Whilst this is clearly not a classic, there are still two or three fairly catchy records that should last the summertime (just about). But beyond this year I don't expect this album to be re-played like one may be compelled to with his other albums.
Listen to: 'Give it 2 U', 'Feel Good', 'Top Of The World'
I am a bit disappointed with this album, maybe it was rushed or maybe Robin was trying to keep up with the kids, but this album is no where near the same calibre as his past ones. He has got a different sound and vibe with this album, but the only good song that I can listen to on repeat, apart from Blurred Lines (even though this song was a bit over played and overrated), is Feel Good (which isn't at all like the usual Mr Robin Thicke - its quite clubby & dancey, but smooth & really catchy), the rest is either forgettable, a bit annoying or sounds like something you've heard from someone else before. Robin is so talented vocally & lyrically, but some of the songs lyrics on this album are so basic & more cheesy than a block of mature cheddar, & sound like a 7 year old wrote them. I don't know if Robin is running out of ideas or something, but this album sounds like random B-Sides and there is a very blurred line of quality here. I have only given him 2 stars because I usually like his music & think he is great, and I was looking forward to this album, (even though its only a year since his last one - which could be the reason this one sounds rushed), but I also gave him 2 stars because the overall production of the CD is ok. However I think this album will fade into the blurred line of forgettable very quickly, hopefully he will do better next time!

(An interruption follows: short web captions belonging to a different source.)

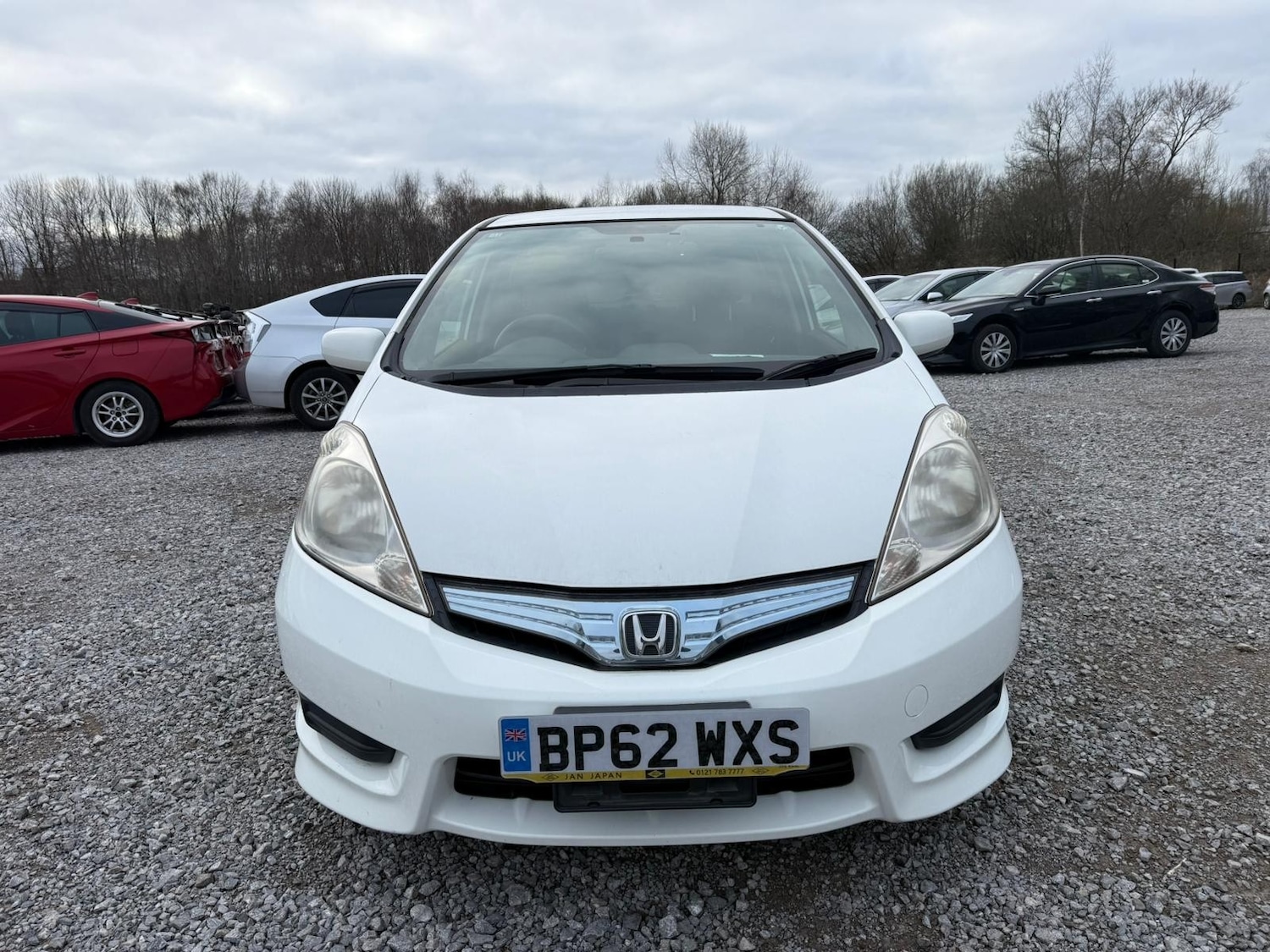 Used Honda Fit for sale - 77072169: Photo 9
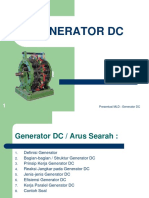generator-dc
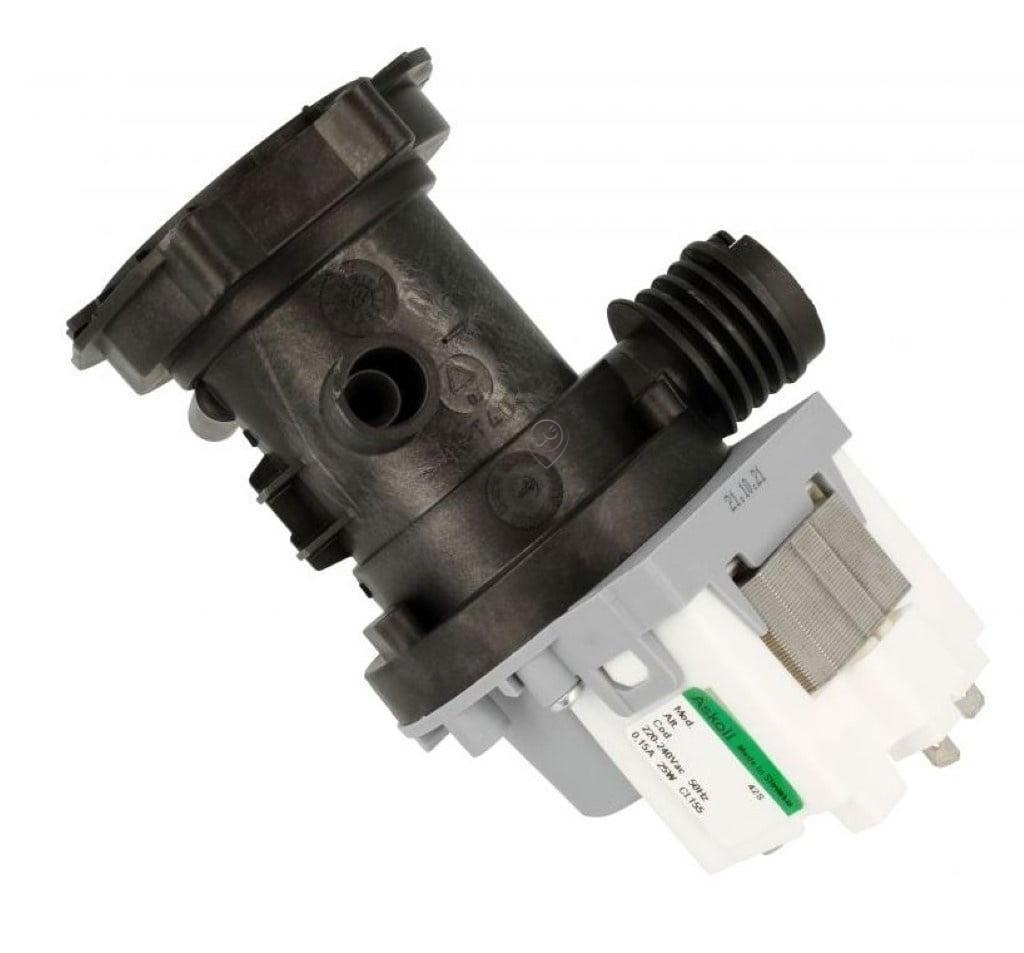 Pompa de Evacuare Originală C00855480 pentru Mașini de Spălat Whirlpool, Indesit și Hotpoint, 220-240V 50Hz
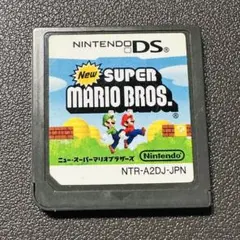 NEW スーパーマリオブラザーズ ニュースーパーマリオブラザーズ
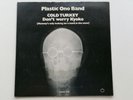 JOHN LENNON PLASTIC ONO BAND  1969  UK 45  COLD TURKEY    PICTURE SLEEVE  EX/EX
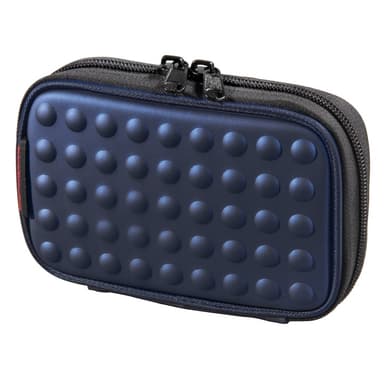 Hama Säilytyslaukku Dots Sininen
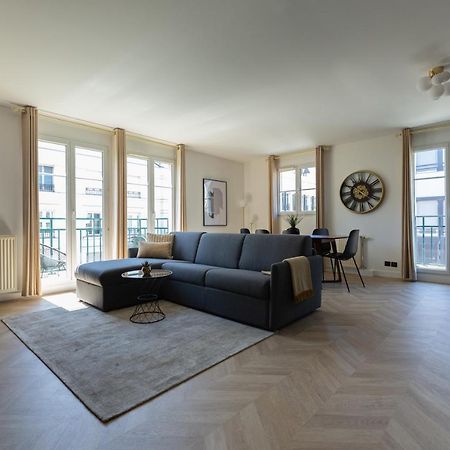 שסי Superbe Appartement A 8 Minutes En Voiture De Disneyland Paris #20 מראה חיצוני תמונה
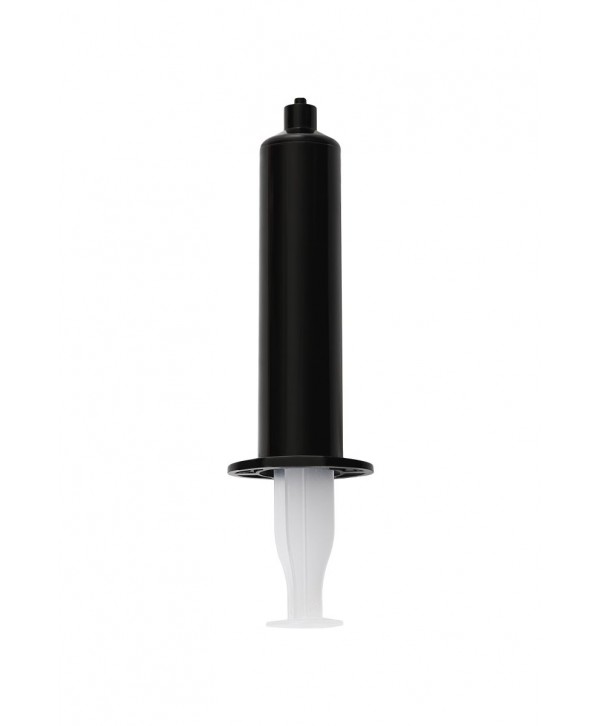 Телесный фаллос с имитацией эякуляции Silicon Cum Dildo L - 19,6 см.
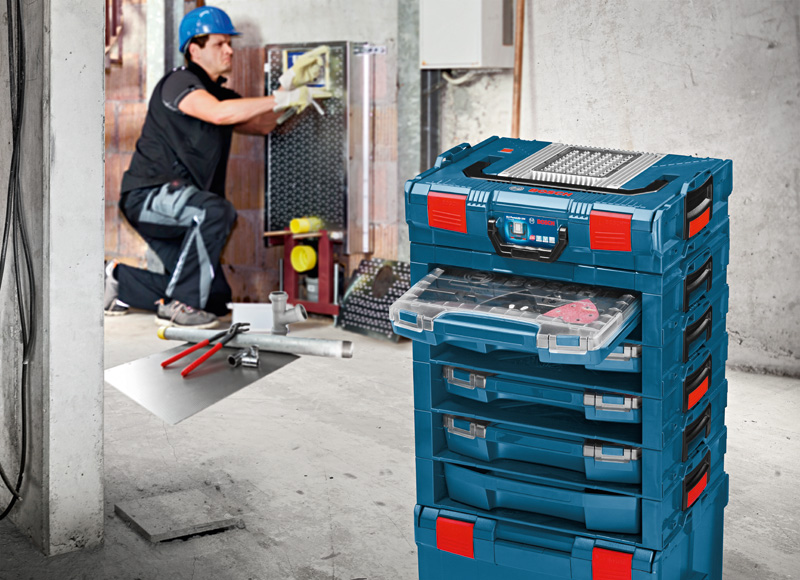 BOSCH Koffersystem i-BOXX 72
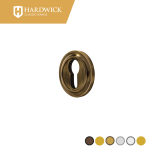 Hardwick Classic Euro Profile Escutcheon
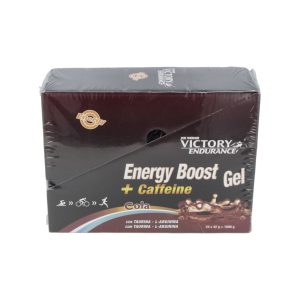 Victory Endurance Energy Boost Gel+Cafein Cola 24U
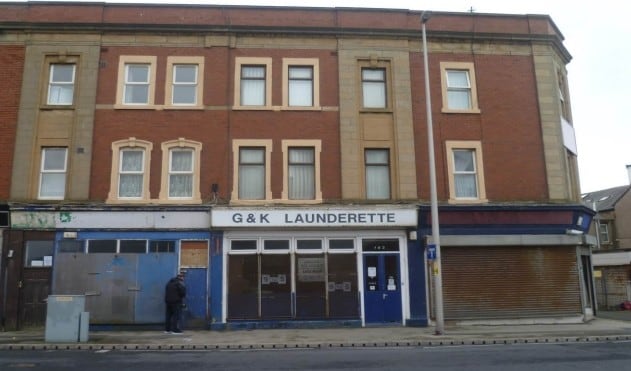 159-165 Dickson Rd, Blackpool for sale Primary Photo- Image 1 of 1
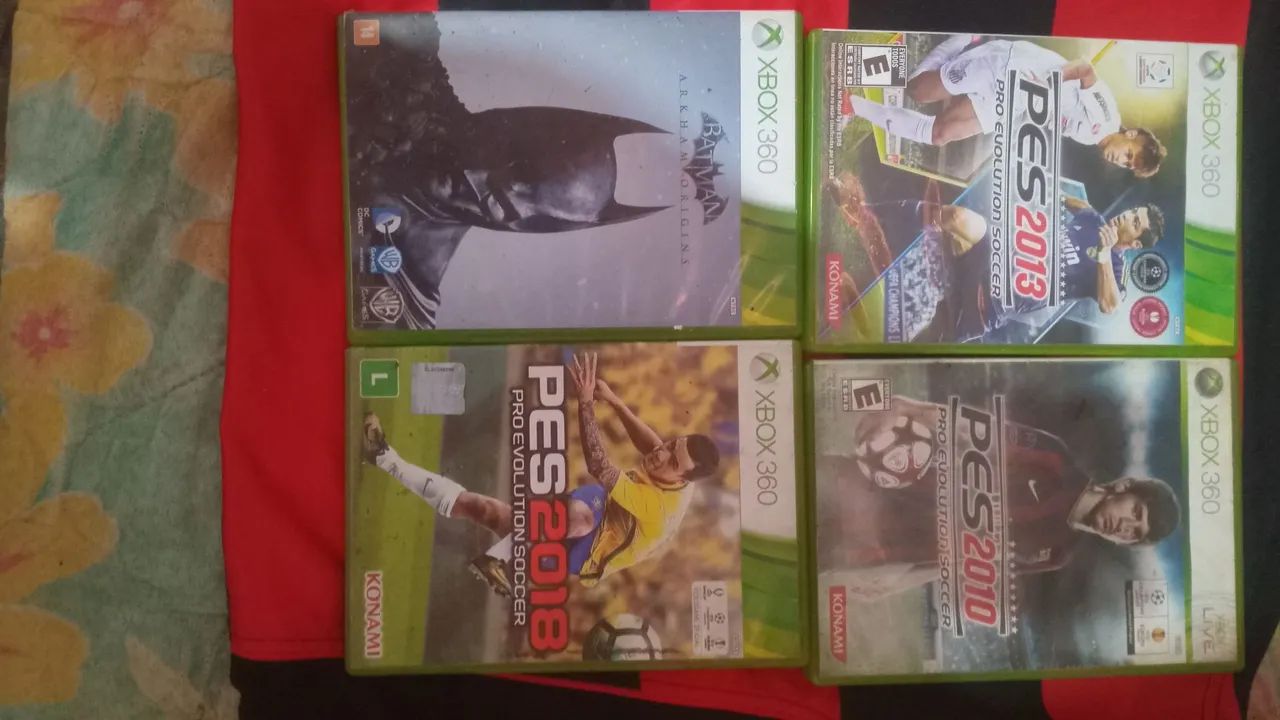 Jogos Xbox 360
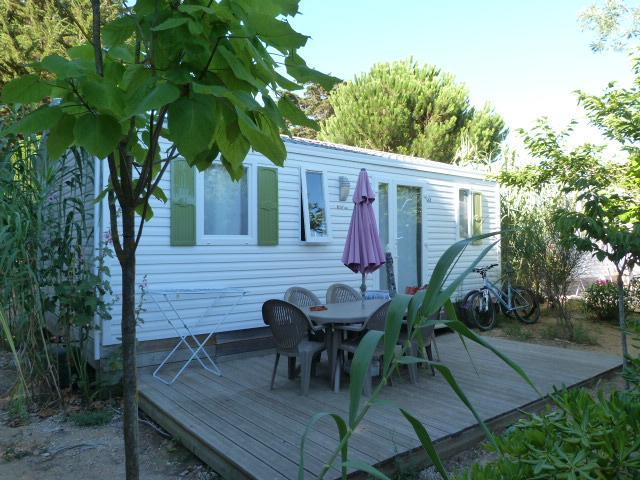 Camping Les Dunes Le Bois-Plage-en-Ré Zewnętrze zdjęcie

"Blurred Lines" by Robin Thicke (deluxe edition) combines the elements of R&B music with dance beats in a cunning manner. Thicke's previous music offering "Love After War" showcased the theme of romance in a vulnerable and serious way. In contrast, "Blurred Lines" explores love and relationships in a playful, light-hearted style. "Blurred Lines", "Give It 2 U" (feat. Kendrick Lamar), "Feel Good", "Get In My Way", and "Put Your Lovin On Me" are some of the multiple pleasing songs that symbolize living a favorable existence in life. I enjoyed the club inspired hits in "Blurred Lines", but also enjoy the moments where he pours his romantic side out such as in "The Rest Of My Life." I read somewhere online that Paula Patton encouraged his creative expression for the music video in "Blurred Lines." Obviously, she is helping him feel safe to artistically express himself. May they have many more close, loving, and inspired years together. "Blurred Lines" by Robin Thicke is great for those who have enjoyed any of his previous works and/or like music mashups of eurodance with R&B.
I bought the CD from a service station on a long journey - neither a big fan nor caught up in the controversy or hype, just a music lover. I've listened to it a good few times in the car on long journeys and now at home. I'd like to think I'm taking an objective view when I say this album is really good. Varied, no fillers, high quality, sexy songs, romantic songs all produced with care. Make me dance and move, groove and smile. All the things good music should do. Really difficult to pick favourites probably 'take it easy on me' and 'feel good' for dance/movement potential - and 'feel good' to ... feel good. Influences and references dripping all over the music like syrup over solid tunes and melodies.
So far few of the singles have lived up to the hype of the first single Blurred Lines. Having said that it is a good listen and I have a sneakt suspicion a lot of the songs will be growers. It reminds me a lot of Justin Timberlake in a good way.